Since the start of digitalization, many tools have come into being to deal with the challenges of unstructured data extraction. To save time, the unstructured data extraction via AI-enhanced data extraction tools like Nanonets is very reliable because it provides thorough and altogether relevant information for data. The relevancy of the data is very important because it is an important time-saving tool for the working staff and analysts. With these data strategies, one can easily interpret valuable information from the data.


Want to use robotic process automation? Check out Nanonets workflow-based document processing software. No code. No hassle platform.


How unstructured data extraction is useful?

It is a revolutionary time to make better business decisions.

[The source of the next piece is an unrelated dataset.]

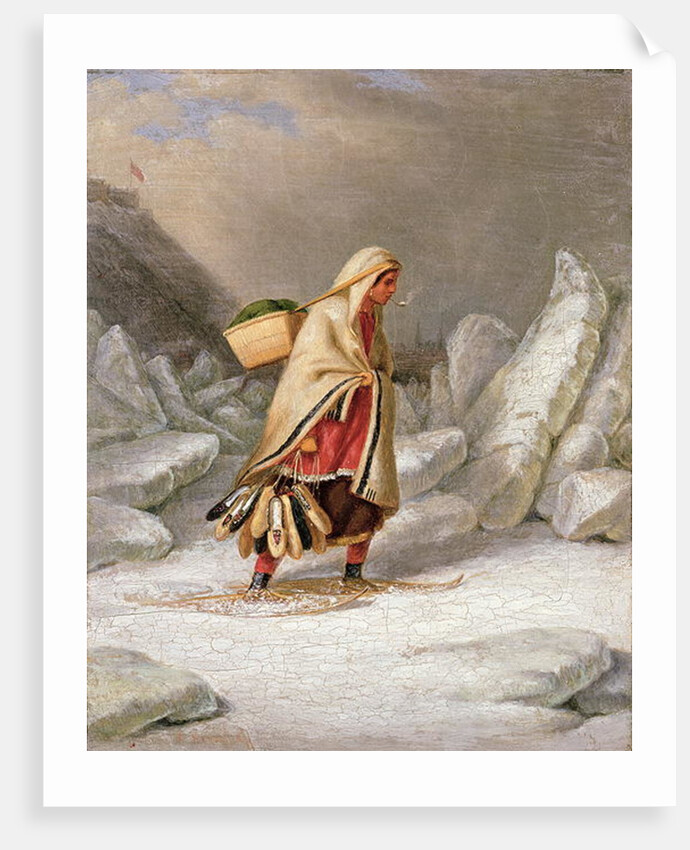 An Indian Woman Wearing Snowshoes by Cornelius Krieghoff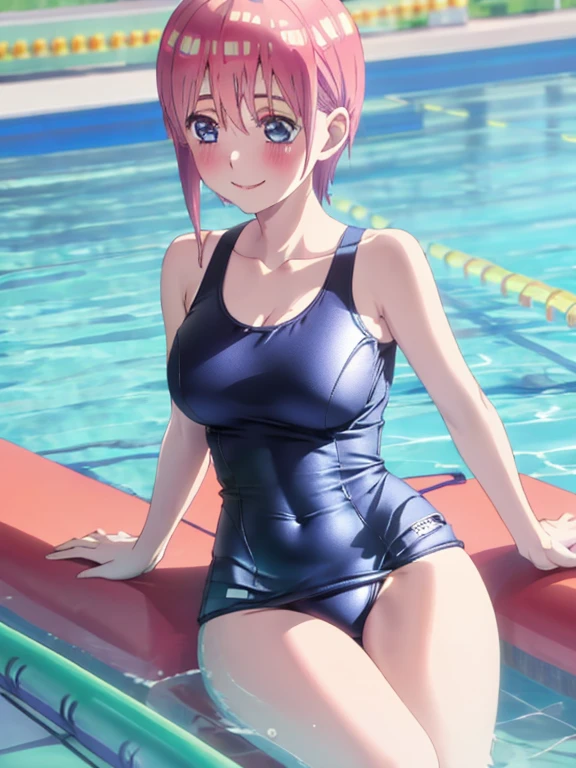 best quality, insanely detailed, ichika nakano, one-piece swimsuit, breasts, blush, swimming pool background, look into the distance, smile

All these decisions are taken at their best and as digitalization is improving the world, business growth has become easier. Today, the unstructured data extraction procedure has made it easy to process different things. The time-saving, fast processing system is doing the best job when data is required.

The data evaluation becomes easier when the unstructured data extraction happens. Unstructured data is the rough material, from which valuable information is withdrawn and this information is stored in easy storage. The tabular form of data helps to get access to the unstructured data easier.

The query data is organized into a more useful form, the user-friendly data is organized and very well-formed. There is no ambiguity in the data and anyone can read the data easily. The process of extraction help to get the data procedure easily. Among many data extraction tools, all provide their valuable services and these reserves are used for the better working of the system and the better growth of the environment.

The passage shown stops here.